Zwei Jugendliche entwickeln beide breite Schultern. Daraus folgt weder, welche Kleidung sie mögen, noch welchem Geschlecht sie sich zugehörig fühlen oder in wen sie sich verlieben. Eine körperliche Beobachtung erlaubt keine sichere Aussage über Rolle, Identität oder Orientierung.

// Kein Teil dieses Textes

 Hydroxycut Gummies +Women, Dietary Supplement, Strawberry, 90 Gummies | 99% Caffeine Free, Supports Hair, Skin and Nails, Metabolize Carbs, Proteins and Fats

Wenn Körperveränderungen, Gefühle oder die eigene Identität dich stark verunsichern, kannst du dich an eine vertraute erwachsene Person, eine Beratungsstelle oder medizinisches Fachpersonal wenden. Hilfe zu suchen ist kein Zeichen von Schwäche.
Karteikasten
Überlege zuerst selbst und drehe die Karte anschließend zum Prüfen um.
Alles auf einen Blick
- Pubertät
- Körper: Wachstum, Haut, Stimme und Geschlechtsreifung
- Hormone: Signale zwischen Gehirn, Hypophyse und Keimdrüsen
- Gehirn: veränderte Verbindungen, Gefühle und Entscheidungen
- Beziehungen: Freundschaften, Nähe und neue Erwartungen
- Identität: Werte, Geschlecht und sexuelle Orientierung
- Vielfalt: unterschiedlicher Beginn und unterschiedliche Ausprägung
Die wichtigste Verbindung lautet: Hormone stoßen viele biologische Veränderungen an, doch sie erklären nicht allein, wie ein Mensch fühlt, handelt oder sich selbst versteht. Körper, Erfahrungen und soziales Umfeld wirken zusammen.
Abschluss-Check
Du hast das Ziel erreicht, wenn du die Pubertät als Zusammenspiel körperlicher, hormoneller und psychosozialer Entwicklung erklären kannst, ohne individuelle Unterschiede oder gesellschaftliche Rollen mit biologischen Regeln zu verwechseln.